Q: How should I spend my credit card points if I have a general travel card?
A: You will almost always get the most value out of your credit card points if you redeem them for travel, primarily flights or hotel. Transferring your points to cash typically yields a return of 1 cent per point, whereas if you redeem your points for travel, that can be anything from 1.5 to 3.5 cents per point. You can also transfer your generic credit card points to most travel reward programs 1:1, depending on the credit card/airlines/hotels in question.
Q: How far out should I book my flight?
A: Ah, the controversy. Some people say exactly 54 days in advance. Some say it depends on the season, and give a very exact number for each season. Maybe it depends on what the phase of the Moon is on the Saturday before the day you want to fly and what zodiac is rising and what you ate for breakfast two Mondays ago. I’ll never know.
This is my general rule: if I’m flying Southwest, I book as far in advance as possible. The beauty about Southwest is that if the flight drops in price, I can modify my original booking and get the original amount paid back as a flight credit. If I’m flying on any major holiday or three-day weekend, I’ll book as soon as possible, because those prices tend to only go up. If I’m flying a non-three day weekend on an airline that isn’t Southwest, I’ll generally book two months in advance. Supposedly the cheapest days to book airfare are Tuesday and Wednesday, but I’m not positive how true that is.
A cool thing you can do is track a flight via Google Flights, and then you’ll get an email when the price for the flight you’re interested in significantly drops.
Q: What about international flights?
A (Summer will take this one since it is her specialty): As Kat mentioned, establishing loyalty is super important. Just like with domestic travel, figure out if the place you want to go to often has a hub and fly with that airline. For example, if you fly to Amsterdam a lot, always fly KLM.
Also, get a credit card with no foreign transaction fees! Those add up so quickly when you’re traveling. You don’t want to be carrying around a ton of currency, so being able to use your credit card is pretty imperative.
You could also fly to a cheaper airport nearby and take a domestic flight or train once you get there (disclaimer: domestic flights have tighter baggage restrictions, so check on this when booking). I go to Edinburgh for research, but I usually fly into London or Amsterdam and then take short flight over. Last time I went, I flew into Glasgow and took a train over to Edinburgh. This approach can also work for domestic travel; flying into a farther airport and renting a car to drive where you want to go can save you $$$!
Q: Is TSA PreCheck really worth it?
A: In my opinion, ABSOLUTELY. What’s even more worth it is Global Entry, which is only $15 more than PreCheck, and allows you to enter customs when coming back from an international trip much quicker than everyone else. Global Entry comes with TSA PreCheck, and is valid for 5 years. With PreCheck, you get to skip taking off your shoes and taking our your laptop and liquids when you go through security.

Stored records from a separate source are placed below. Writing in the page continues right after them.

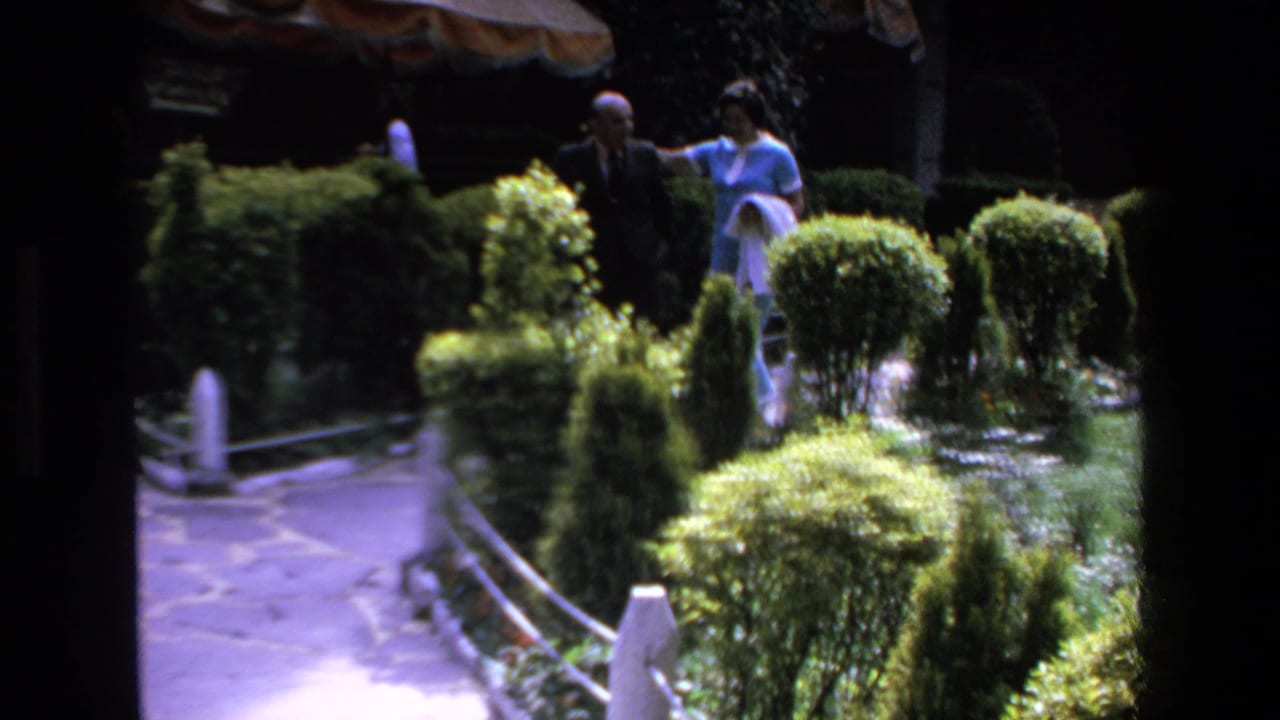 In Mazatlan, Mexico in 1972, a man in a dark suit and a woman in a light blue outfit appear near trimmed hedges along a stone garden path.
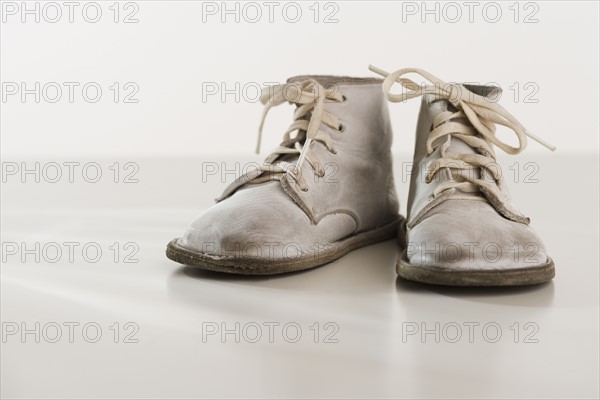 Close up of old fashioned baby shoes.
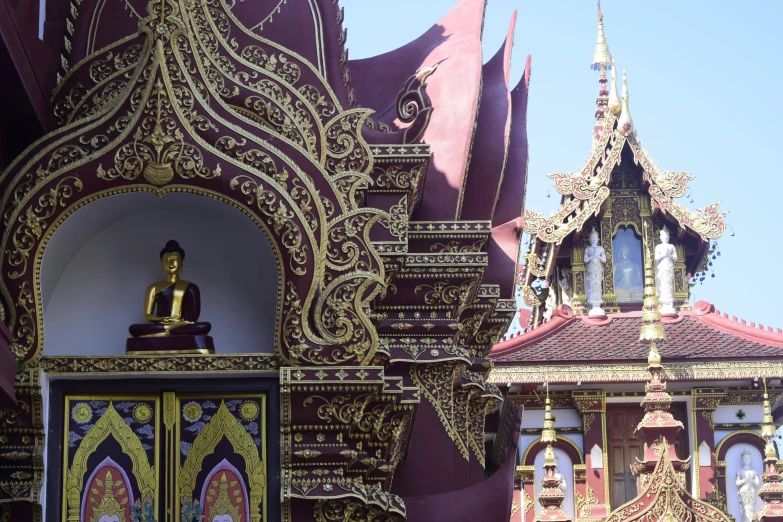 a statue and intricate buildings in a city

Plus, the TSA PreCheck line is almost always shorter and faster than normal security!
A lot of travel credit cards will pay for your Global entry or TSA PreCheck enrollment fee in the form of a statement credit, so if you’re shopping for a new travel card, it might be worth it for you to consider that benefit in your search.
DISCLAIMER: While traveling, rewards, points, getting the bang for my buck, etc. is my absolute jam, I am by no means an expert and I encourage you to do your own research before making any financial decisions. I would love for you to use my advice as a jumping off point for you in your quest to find the best way for you to travel—so please take my advice with a grain of salt! I love sharing my knowledge and experiences from traveling weekly for two years, and am always happy to answer any questions you might have.